La microeconomía tiene una virtud incómoda: explica con frialdad científica lo que en la política local se intenta justificar con discursos épicos. Una de sus leyes más simples —y más ignoradas en La Guajira— es la de los rendimientos marginales decrecientes: señala que, cuando se incrementa de manera sostenida un insumo variable mientras los demás factores permanecen constantes, la producción adicional generada por cada nueva unidad tiende a disminuir (Samuelson & Nordhaus, 2010), para llegar posteriormente a un punto en que no solo rinde poco, sino que estorba. Eso mismo ocurre, sin metáforas forzadas, en la política guajira. Las campañas electorales funcionan como un taller saturado. El insumo que más se incrementa es siempre el mismo: dinero. Dinero para vallas, plata para tarimas, marmaja para líderes y “nequifavores” para activar los grupos de WhatsApp 24 horas. Sin embargo, los factores estructurales permanecen intactos: el mismo electorado empobrecido, la misma desconfianza institucional, las mismas promesas recicladas y el mismo déficit de ideas.

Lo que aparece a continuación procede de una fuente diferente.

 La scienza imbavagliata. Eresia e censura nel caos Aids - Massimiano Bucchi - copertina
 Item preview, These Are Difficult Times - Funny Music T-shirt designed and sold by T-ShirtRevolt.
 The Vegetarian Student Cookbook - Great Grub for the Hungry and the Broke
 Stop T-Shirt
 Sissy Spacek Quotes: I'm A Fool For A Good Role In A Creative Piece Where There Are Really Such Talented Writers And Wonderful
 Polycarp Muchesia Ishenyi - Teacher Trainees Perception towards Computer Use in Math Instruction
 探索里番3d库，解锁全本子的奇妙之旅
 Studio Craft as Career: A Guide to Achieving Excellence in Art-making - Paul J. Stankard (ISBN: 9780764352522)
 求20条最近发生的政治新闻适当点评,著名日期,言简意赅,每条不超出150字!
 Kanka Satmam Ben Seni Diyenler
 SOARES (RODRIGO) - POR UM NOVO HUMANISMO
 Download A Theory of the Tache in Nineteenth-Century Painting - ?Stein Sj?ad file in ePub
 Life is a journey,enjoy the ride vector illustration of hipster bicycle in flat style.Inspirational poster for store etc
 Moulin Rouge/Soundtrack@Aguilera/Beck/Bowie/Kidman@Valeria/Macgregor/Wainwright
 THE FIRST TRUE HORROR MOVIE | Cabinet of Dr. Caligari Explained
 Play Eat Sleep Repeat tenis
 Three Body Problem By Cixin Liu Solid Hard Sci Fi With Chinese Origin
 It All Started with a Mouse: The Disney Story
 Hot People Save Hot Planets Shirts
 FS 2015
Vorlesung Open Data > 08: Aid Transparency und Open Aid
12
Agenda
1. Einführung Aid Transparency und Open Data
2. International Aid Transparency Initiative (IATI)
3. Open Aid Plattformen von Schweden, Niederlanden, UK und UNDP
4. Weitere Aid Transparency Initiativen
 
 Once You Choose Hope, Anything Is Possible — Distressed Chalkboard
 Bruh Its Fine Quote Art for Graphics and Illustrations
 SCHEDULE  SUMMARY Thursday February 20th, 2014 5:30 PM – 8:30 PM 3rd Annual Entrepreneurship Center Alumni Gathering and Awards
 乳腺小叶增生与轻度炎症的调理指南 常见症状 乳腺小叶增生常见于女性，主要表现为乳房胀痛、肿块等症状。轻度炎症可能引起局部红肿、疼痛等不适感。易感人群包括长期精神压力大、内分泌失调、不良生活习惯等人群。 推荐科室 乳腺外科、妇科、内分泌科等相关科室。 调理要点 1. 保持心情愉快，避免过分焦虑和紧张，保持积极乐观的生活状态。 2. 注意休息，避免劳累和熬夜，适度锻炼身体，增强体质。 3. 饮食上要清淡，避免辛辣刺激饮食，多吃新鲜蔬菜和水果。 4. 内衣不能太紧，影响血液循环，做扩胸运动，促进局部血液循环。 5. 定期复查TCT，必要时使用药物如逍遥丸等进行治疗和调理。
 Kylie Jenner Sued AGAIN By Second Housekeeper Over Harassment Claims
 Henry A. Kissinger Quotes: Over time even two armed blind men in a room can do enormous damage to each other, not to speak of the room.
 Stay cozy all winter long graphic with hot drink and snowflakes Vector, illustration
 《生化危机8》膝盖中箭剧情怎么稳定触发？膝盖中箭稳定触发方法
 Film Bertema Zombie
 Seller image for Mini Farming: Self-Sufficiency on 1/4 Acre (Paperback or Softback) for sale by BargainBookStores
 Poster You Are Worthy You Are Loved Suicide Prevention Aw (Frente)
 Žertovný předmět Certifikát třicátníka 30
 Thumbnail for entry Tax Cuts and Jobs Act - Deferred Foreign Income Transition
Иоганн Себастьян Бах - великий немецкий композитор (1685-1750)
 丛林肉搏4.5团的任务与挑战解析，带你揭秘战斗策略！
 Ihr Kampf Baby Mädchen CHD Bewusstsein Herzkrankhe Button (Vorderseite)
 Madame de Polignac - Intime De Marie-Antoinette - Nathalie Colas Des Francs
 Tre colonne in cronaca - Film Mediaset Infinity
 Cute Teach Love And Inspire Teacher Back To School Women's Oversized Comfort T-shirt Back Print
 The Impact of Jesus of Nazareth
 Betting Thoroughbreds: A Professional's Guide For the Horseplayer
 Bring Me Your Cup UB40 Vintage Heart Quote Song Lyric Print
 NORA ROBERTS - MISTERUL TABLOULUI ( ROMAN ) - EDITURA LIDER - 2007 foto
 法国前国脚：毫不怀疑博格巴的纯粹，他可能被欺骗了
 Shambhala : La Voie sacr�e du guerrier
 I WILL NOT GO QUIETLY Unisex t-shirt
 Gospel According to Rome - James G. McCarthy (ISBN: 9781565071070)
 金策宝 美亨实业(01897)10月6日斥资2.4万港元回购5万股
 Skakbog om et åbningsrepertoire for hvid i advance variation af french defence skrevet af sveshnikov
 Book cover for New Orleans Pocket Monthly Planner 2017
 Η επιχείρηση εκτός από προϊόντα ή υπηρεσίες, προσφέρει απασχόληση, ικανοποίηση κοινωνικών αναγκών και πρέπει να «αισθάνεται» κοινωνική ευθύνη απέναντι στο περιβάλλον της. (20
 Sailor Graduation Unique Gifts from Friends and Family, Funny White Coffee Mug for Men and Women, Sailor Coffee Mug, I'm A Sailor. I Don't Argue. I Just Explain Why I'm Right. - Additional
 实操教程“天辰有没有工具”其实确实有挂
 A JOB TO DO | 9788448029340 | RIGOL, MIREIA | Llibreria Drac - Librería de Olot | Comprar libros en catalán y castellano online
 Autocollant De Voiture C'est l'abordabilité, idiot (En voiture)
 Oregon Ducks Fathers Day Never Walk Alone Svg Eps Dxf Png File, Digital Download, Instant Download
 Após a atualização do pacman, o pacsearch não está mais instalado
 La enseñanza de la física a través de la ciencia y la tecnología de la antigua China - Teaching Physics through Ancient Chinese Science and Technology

El resultado es predecible: cada millón adicional invertido genera menos votos que el anterior. La productividad marginal del gasto electoral cae, pero el sistema no corrige; insiste, persevera en función de la perversidad y la ignominia. Y, por lo tanto, apuesta más dinero para compensar la falta de legitimidad y más despliegue para ocultar la ausencia de proyecto político. Es la ley de los rendimientos decrecientes aplicada con terquedad caribe… y con los recursos públicos de un futuro cada más abrigado por la cobija de la incertidumbre.
El verdadero problema no es el despilfarro en campaña, sino el sistema de financiación que lo sostiene. En La Guajira, la campaña no se concibe como un esfuerzo político, sino como una inversión financiera. Quien pone el capital espera retornos, no en dividendos legales, sino en contratos, influencia y control del gasto público. El candidato no gana solo una elección: adquiere una deuda. Y ahí comienza la segunda fase del modelo: el Estado como mecanismo de pago, en función del mejor de los garantes.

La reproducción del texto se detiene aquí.